→ **Stored data**:
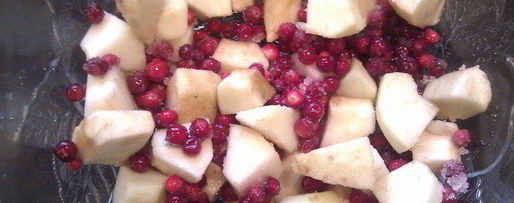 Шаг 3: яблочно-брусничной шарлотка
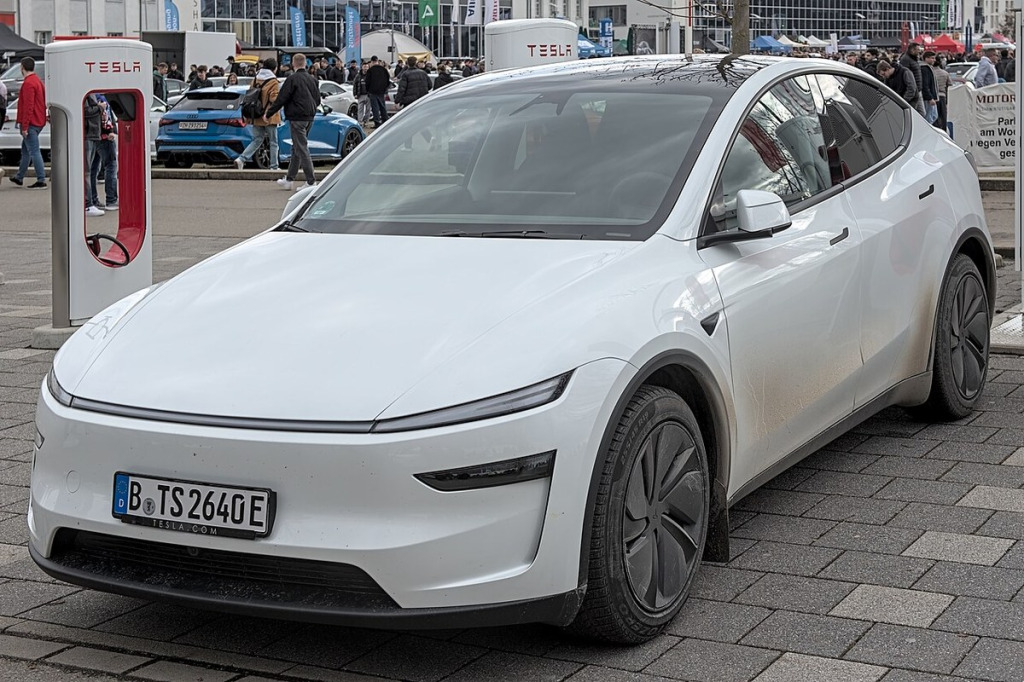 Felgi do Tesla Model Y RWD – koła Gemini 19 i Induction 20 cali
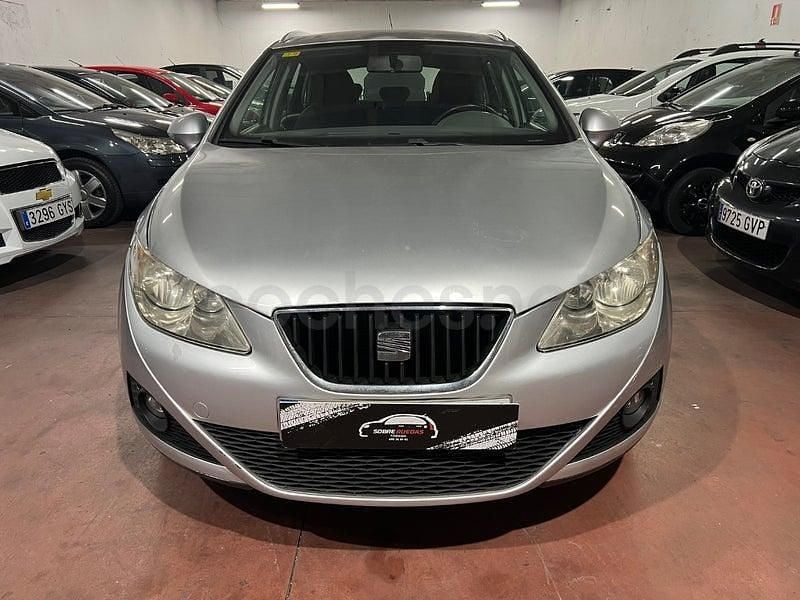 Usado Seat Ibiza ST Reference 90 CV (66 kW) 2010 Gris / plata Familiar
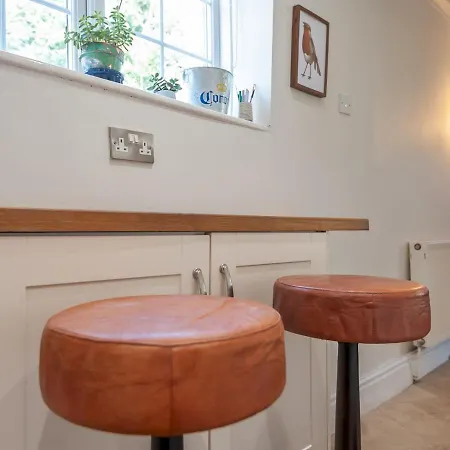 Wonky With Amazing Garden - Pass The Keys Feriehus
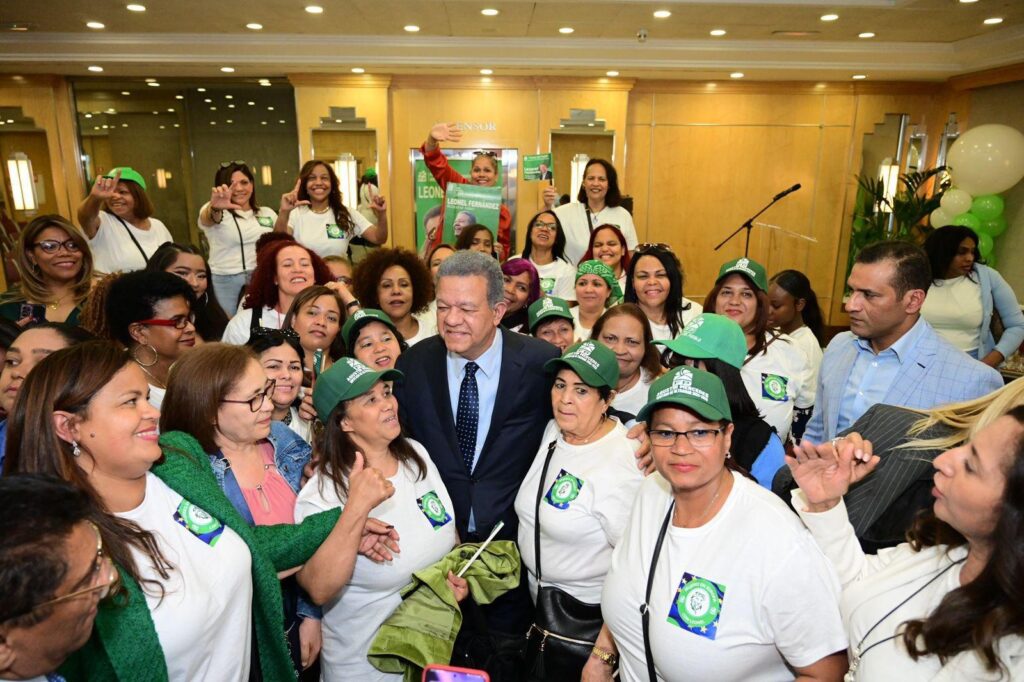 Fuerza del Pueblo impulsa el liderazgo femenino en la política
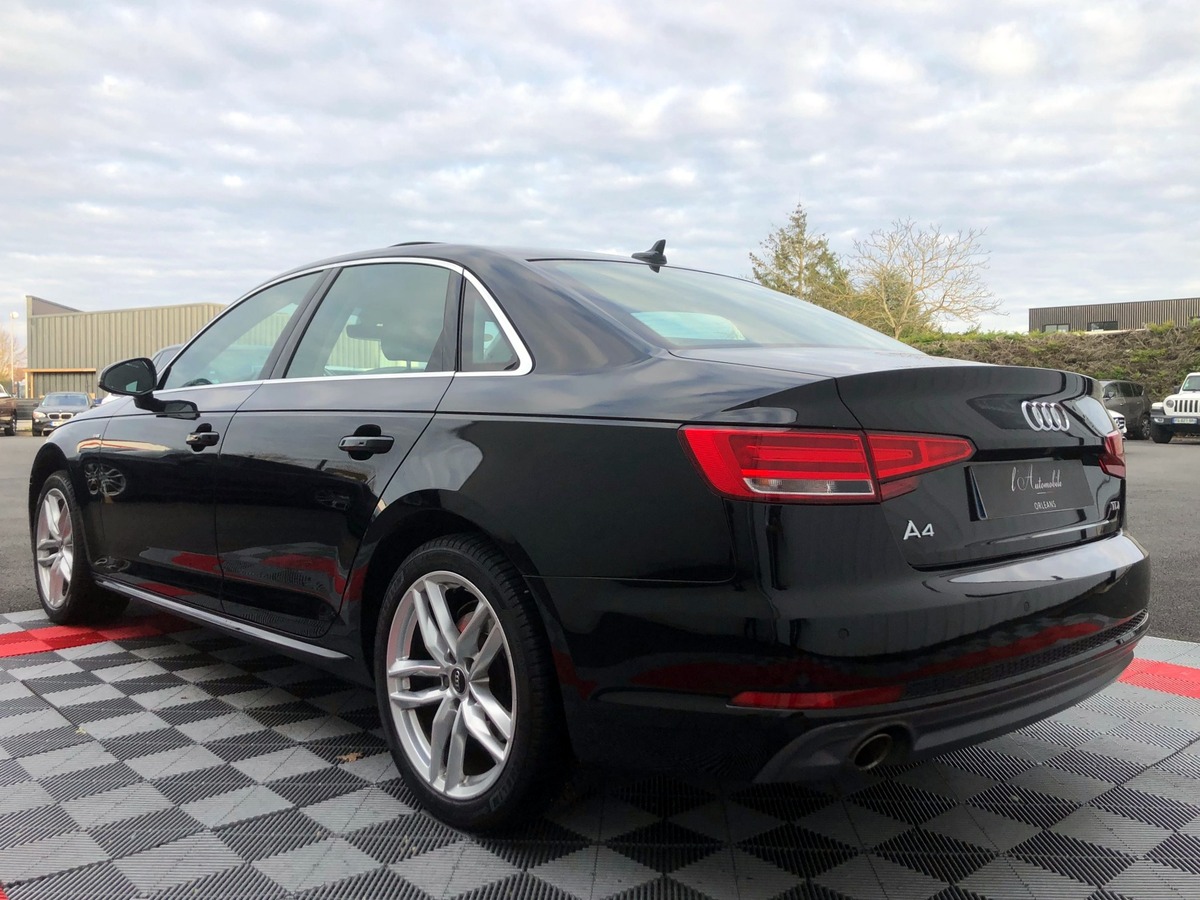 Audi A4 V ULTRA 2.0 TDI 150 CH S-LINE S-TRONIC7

==

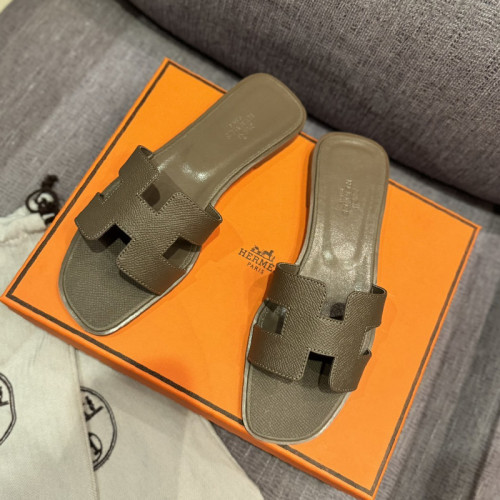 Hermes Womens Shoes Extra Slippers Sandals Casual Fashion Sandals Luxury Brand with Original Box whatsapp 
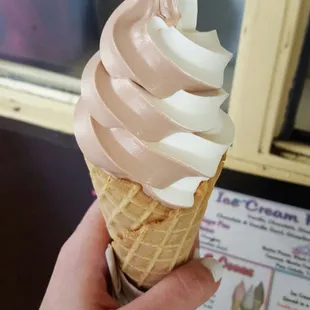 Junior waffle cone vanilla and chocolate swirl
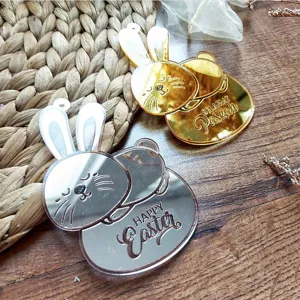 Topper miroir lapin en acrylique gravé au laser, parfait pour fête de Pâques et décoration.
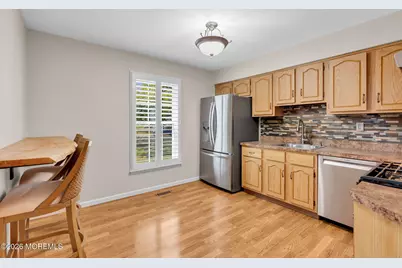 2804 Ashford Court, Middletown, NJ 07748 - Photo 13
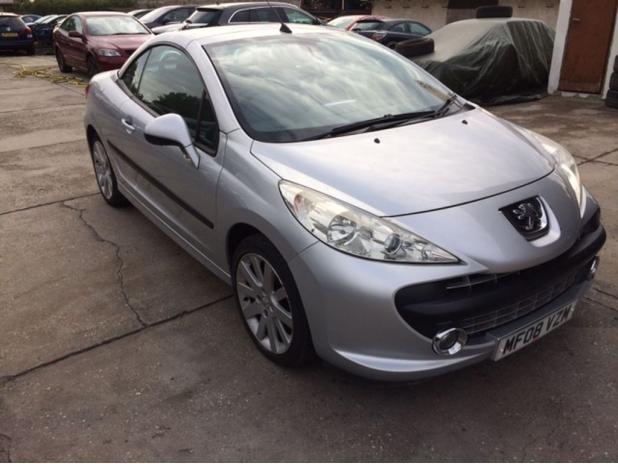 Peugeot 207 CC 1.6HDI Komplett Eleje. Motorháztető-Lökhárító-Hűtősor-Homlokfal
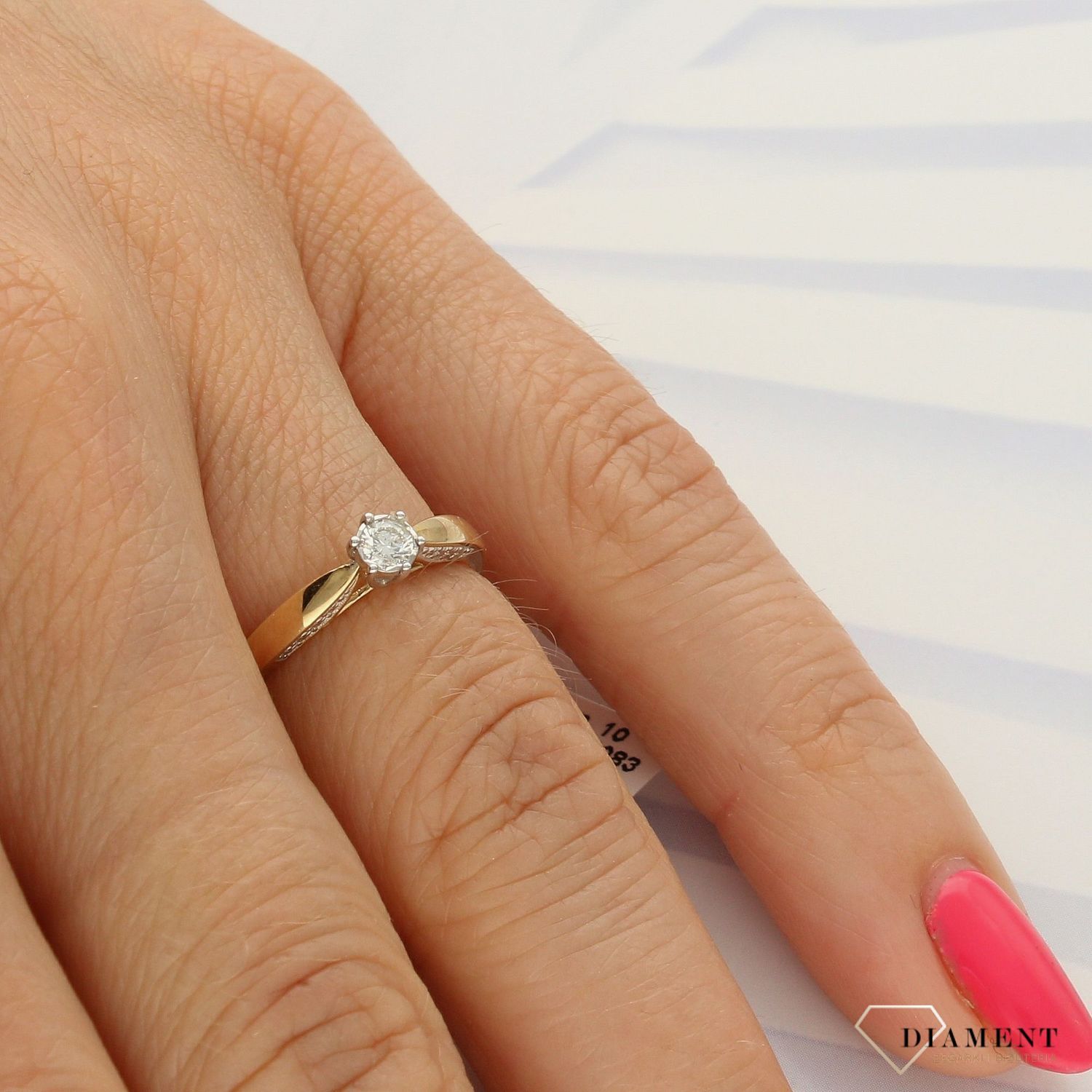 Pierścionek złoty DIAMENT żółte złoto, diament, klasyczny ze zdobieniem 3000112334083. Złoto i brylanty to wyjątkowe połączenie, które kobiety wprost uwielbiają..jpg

→ **Exercise instructions**: The reply should hold the entries above from the line with "Usado Seat Ibiza" to the line with "Audi A4 V ULTRA", duplicated exactly, pictures excluded.

→ **Expected answer**:
 Usado Seat Ibiza ST Reference 90 CV (66 kW) 2010 Gris / plata Familiar
 Wonky With Amazing Garden - Pass The Keys Feriehus
 Fuerza del Pueblo impulsa el liderazgo femenino en la política
 Audi A4 V ULTRA 2.0 TDI 150 CH S-LINE S-TRONIC7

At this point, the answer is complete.